If the cancellation request has been submitted correctly, the provider is required to inform you of receipt of the request within 5 days, indicating the date of the termination of the contract and informing you of your rights and obligations following the cancellation, including the obligation to pay any charges, for example for failure to comply with the loyalty period. If the request for cancellation has not been correctly submitted, the provider is required to inform you of the missing information within 3 working days.


If you do not submit the missing information within 30 working days of the providers reply, you will have to start the procedure again. After canceling the contract, you can sign a contract with another provider. To find out what offers exist on the market, you can contact the different providers to see which offer best suits your needs. You can also use the tariff comparison application on the website of ANACOM, linked above.


More information can be found on the consumer portal.


SET UP : PHONE CONNECTION


If you’re moving into a property that doesn’t have an existing phone line or connection, then you’ll typically need to set one up through MEO. This is regardless of whether you actually end up choosing MEO as your provider, due to their operation of the network. However, remember that if you don’t sign up with MEO, you may still need to pay the line rental.


The sign-up process can take several weeks, depending on your situation and location, so it’s a good idea to get the ball rolling as soon as you can. If your new home already has a functioning phone line, you should be able to transfer the existing account into your name or sign up for a new contract with your chosen provider. As with any contract, be sure to read the small print carefully before signing up to avoid any frustrations later on.


When signing up with a landline provider in Portugal, you’ll likely need to provide the following information:

  • Identification (most likely a Passport)

  • Proof of address

  • NIF (número de identificação fiscal /fiscal number)

  • Bank account details

  • Contact details

It may take a few days to activate your account and you’ll likely be informed when it happens. If you are moving within Portugal, then your provider might let you move your existing contract to your new address. Depending on the move, you may even be able to keep your phone number.

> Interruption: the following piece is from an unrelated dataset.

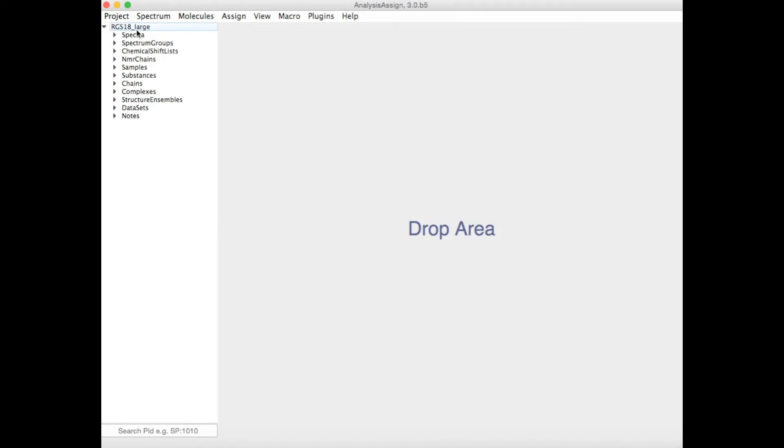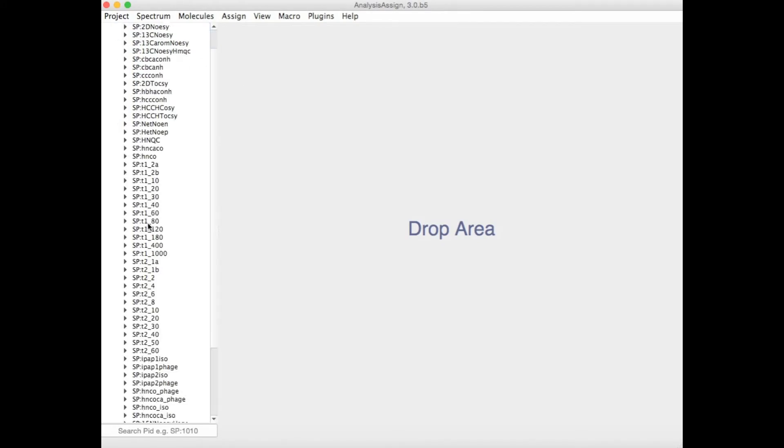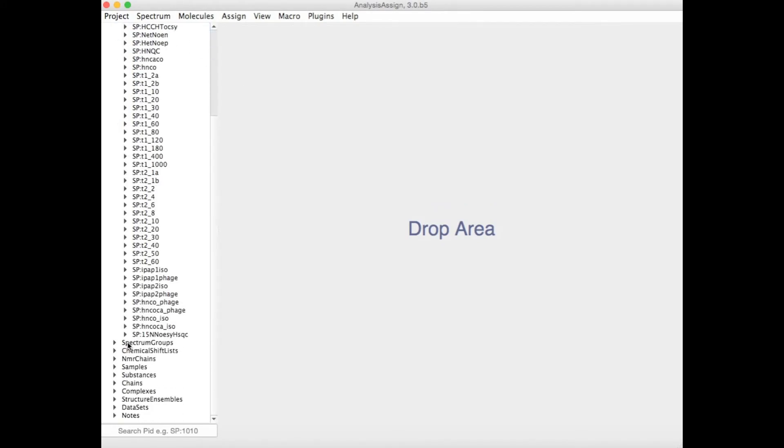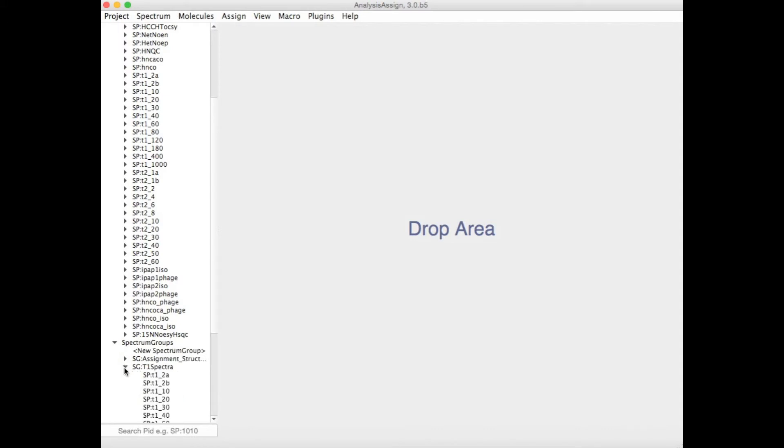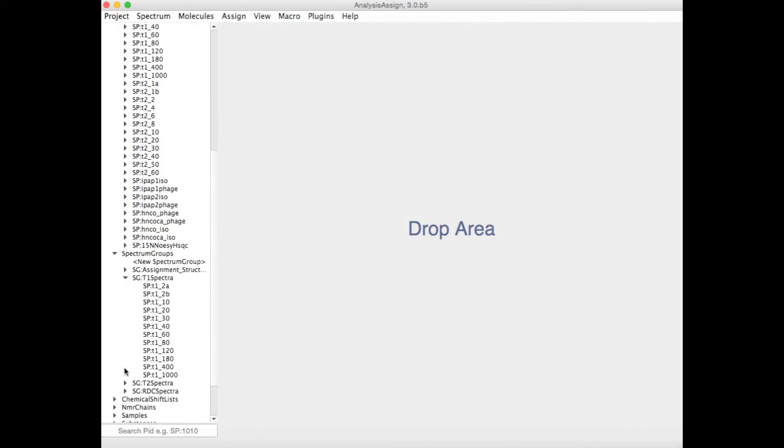Do you have a project with a lot of spectra in it? Simply place them into spectrum groups to keep them organized or to create a series for easy data analysis.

However, again, be aware that this may take longer than you expect; so start the process ahead of time to avoid any unforeseen surprises.



SET UP : INTERNET CONNECTION

Portugal has a good internet network, with fiber readily available across most of the country. If your home is not connected to the fiber network – or your provider of choice does not offer fiber – there are alternatives. These include ADSL connections and satellite internet, which can be particularly helpful in more rural areas.


Be aware that your choice of both provider and connectivity will largely depend on your location. Some providers let you search for local availability on their websites.

Keep in mind that in more rural areas, you may need to visit your nearest provider outlet to check the availability of the network. Once you have chosen a provider, settled on a tariff, and added any extras (such as a TV subscription), it’s time to get connected!


While this is relatively straightforward, the process will largely depend on your particular circumstances. For example, if you’ve signed up with your home’s previous provider or a mobile internet tariff, you may only need to plug in your router to get online. But, if you’re setting up a brand new installation or waiting for a new phone line, this could take a few weeks. Therefore, it’s important to contact your new provider ahead of time and check your options. After all, you don’t want to be left offline after moving in.